Below are records with pictures in them. Output exactly the lines from the one with "That is a Nitro" through the one with "I just got through", both included, and leave every picture out; give only those lines.

++++ DATA FOR THIS EXERCISE ++++

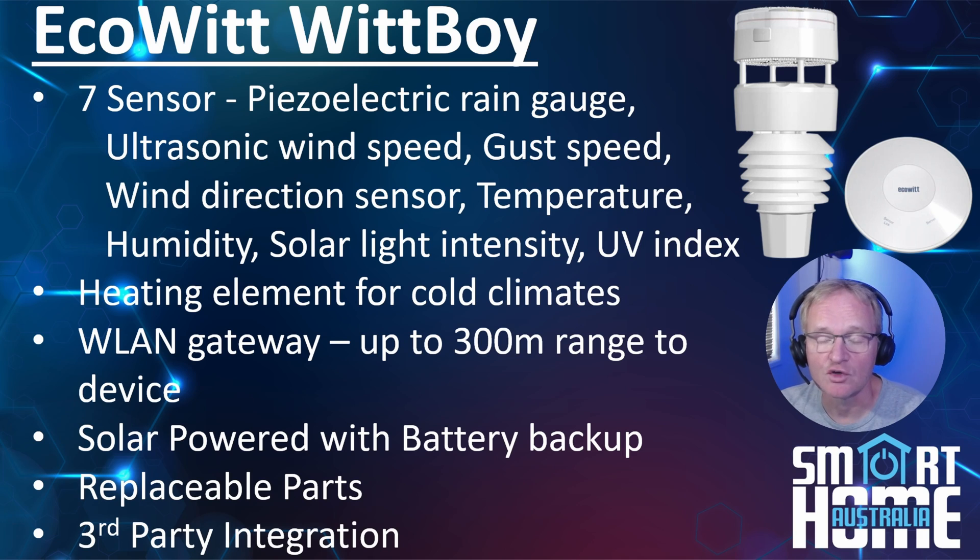You get the usual integration with Google and Amazon Alexa, but as we'll be running through now, you'll also get integration into Home Assistant. In addition, you can publish your data to the Ecowitt cloud along with literally thousands of other weather stations that publish their data.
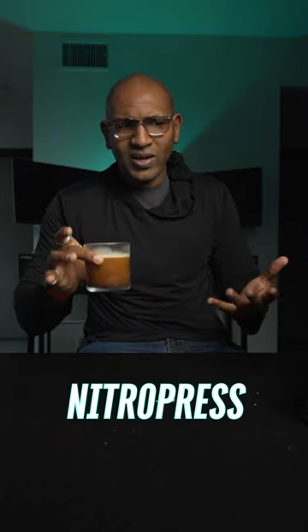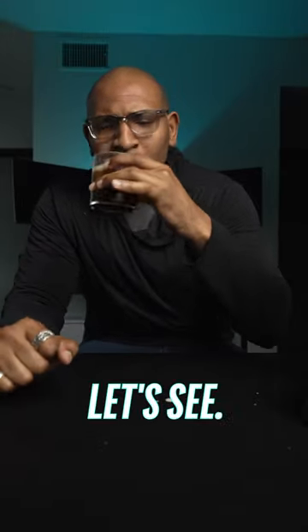That is a Nitro Press Cold Espresso Martini. See if it tastes any different. Let's see.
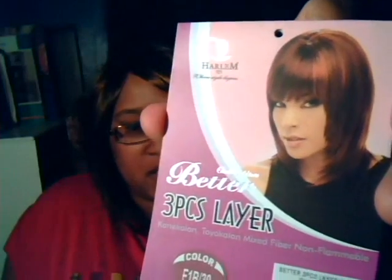I just got through doing my hair. It's a quick wig and I'm loving this hair. I haven't cut my bangs yet, so I will cut them a little shorter, but I'm actually liking it the way it is. The hair that I got is a Harlem 125 from the Better Collection — it's the three piece layer, mixed fibers, non-flammable, you cannot curl it. And this color is F1B30.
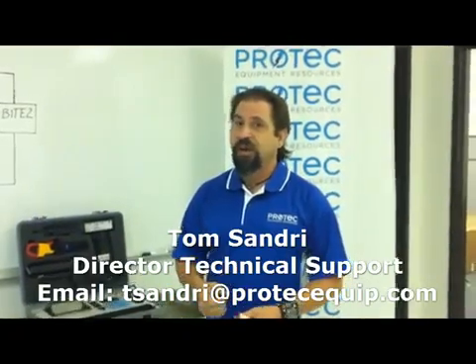Hi, I'm Tom Sandry, Director of Technical Support here at ProTech Equipment Resources.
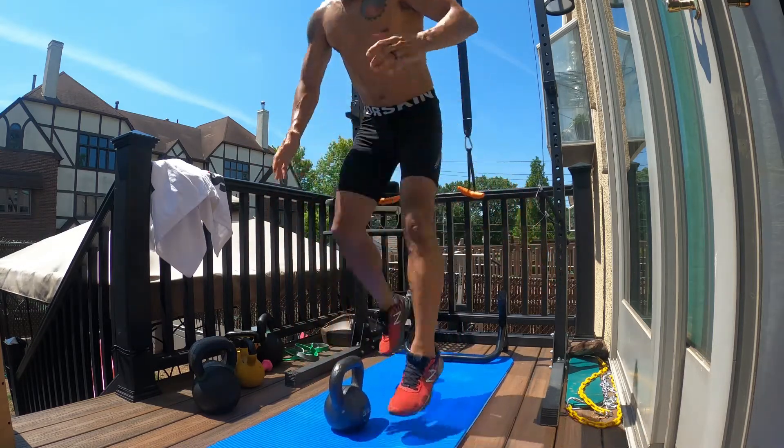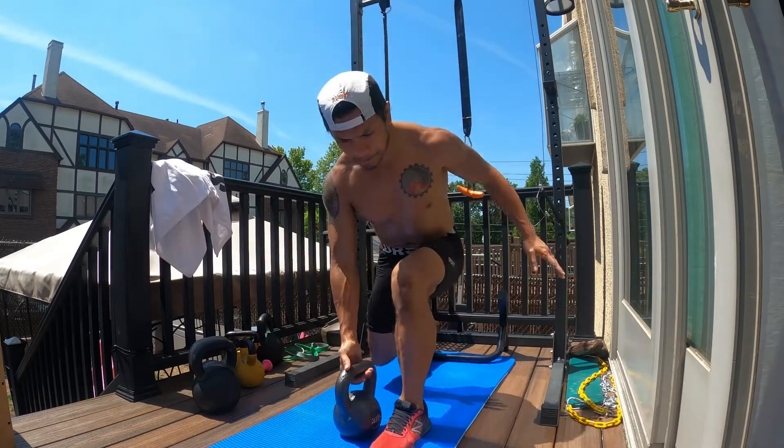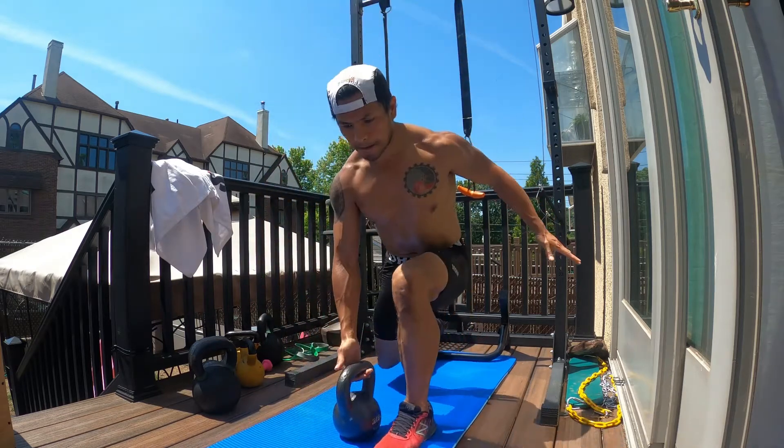Nice lunge onto the other side. Do that one arm row, keeping that back nice and straight and engaged with that core. Jumping lunge, nice and explosive.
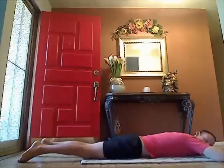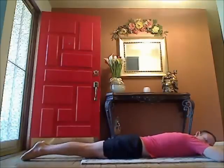Hey guys, today we're going to be doing some work for the lower back and the butt. We're going to start down on our stomachs, we're just going to lay all the way down. We're going to cross the hands on top of one another and just take the head down, extend the legs and pull the stomach in.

++++

(TASK RESPONSE):
That is a Nitro Press Cold Espresso Martini. See if it tastes any different. Let's see.
I just got through doing my hair. It's a quick wig and I'm loving this hair. I haven't cut my bangs yet, so I will cut them a little shorter, but I'm actually liking it the way it is. The hair that I got is a Harlem 125 from the Better Collection — it's the three piece layer, mixed fibers, non-flammable, you cannot curl it. And this color is F1B30.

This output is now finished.